La boutique, qui enregistre une croissance annuelle moyenne de 10%, jouit d’une belle carte de visite depuis que le chien du film The Artist a porté un de ses colliers. «Il existe encore très peu de magasins en Suisse qui proposent des articles de luxe pour animaux, poursuit la responsable. Alors j’ai eu l’idée de lancer J’adore My Dog.» Sa clientèle principale: les propriétaires de petits chiens. «Les vétérinaires conseillent de les habiller lorsque le temps se rafraîchit. De plus, ma clientèle est surtout citadine. Et en ville, posséder un petit chien reste bien plus pratique!»

En matière de produits destinés aux animaux domestiques, être présent sur internet peut se révéler intéressant.

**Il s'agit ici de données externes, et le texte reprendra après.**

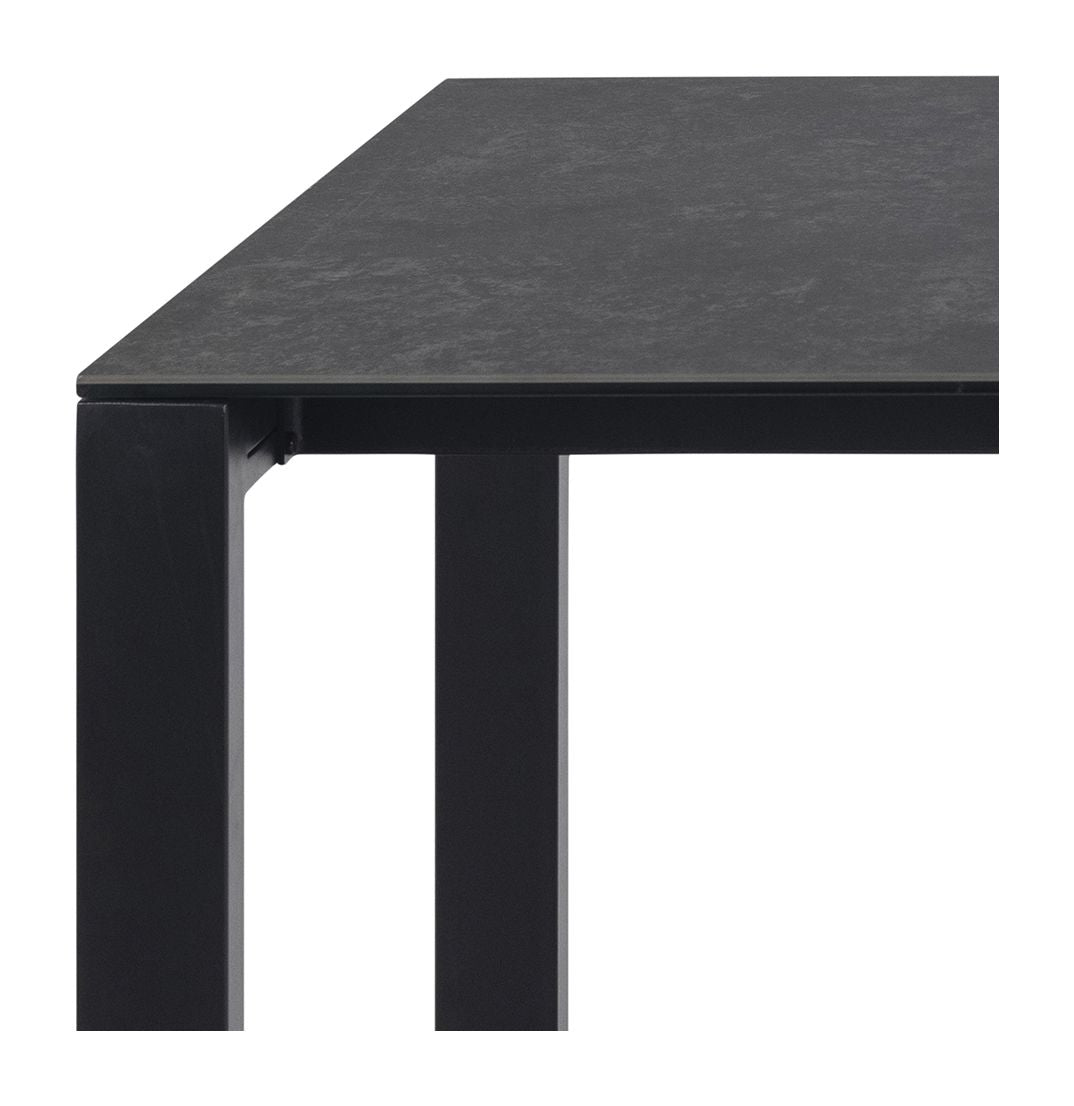 Brentford Spisebord, Sort Fairbanks ru keramik, 200x90 - UNOLIVING.COM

La boutique de vente en ligne Shopanimal, créée par Florian gobet en 2011 affiche un joli taux de croissance. «J’observe une progression annuelle de 30% pour un chiffre d’affaires qui avoisine les 400’000 francs, confie le fondateur. Si je continue à ce rythme, j’engagerai prochainement du personnel afin de pouvoir gérer le stock et les commandes.»

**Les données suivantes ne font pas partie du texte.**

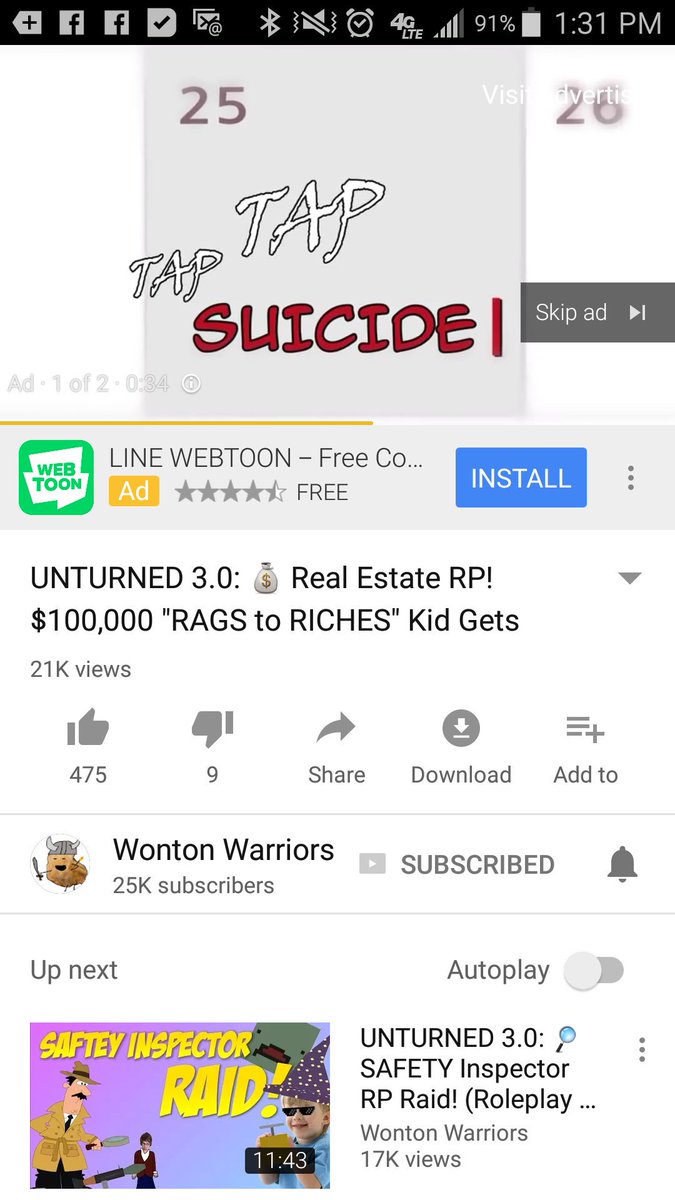 Great ads on my videos <a href="/YouTube/">YouTube</a>!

La nourriture pour chiens et chats étant déjà bien présente dans les grandes surfaces, Shopanimal se concentre principalement sur les accessoires. Jeux, grilles de séparation pour la voiture ou encore niches, l’offre est vaste et comprend également des produits pour rongeurs, poissons, reptiles, oiseaux et animaux de ferme. «Pour réussir sur internet, il y a deux points essentiels: avoir une gamme de produits la plus large possible et disposer d’un maximum d’articles en stock.»

Selon Florian gobet, la tendance future à ne pas manquer concerne les produits high-tech comme les «petcams». «Il s’agit de mini-caméras qui se fixent au collier. Ce qui permet au propriétaire de savoir ce que fait son chat quand il sort ou d’immortaliser une balade avec son chien. Les gens commencent à s’intéresser à ce genre de gadgets.»

En revanche, pour des produits plus spéciaux, comme les habits, internet constitue plus une vitrine qu’un réel canal de vente. «J’ai commencé par la vente en ligne avant d’ouvrir ma boutique en 2006, raconte Christina Clouvas de J’adore My Dog. Les clients voulaient pouvoir essayer les produits sur place, surtout pour se rendre compte des tailles qui convenaient à leur chien. J’ai alors compris qu’un point de vente physique était essentiel. Aujourd’hui, internet représente environ 10% de mes ventes.»

Pour les enseignes Canicrok, présentes sur le Web depuis cinq ans, la Toile constitue un moyen d’atteindre des clients dans toute la Suisse romande. «Mais les ventes évoluent plus lentement que dans nos magasins, observe Gina Buillet. Les gens a
apprécient de voir les produits directement et sont plus prudents sur internet.»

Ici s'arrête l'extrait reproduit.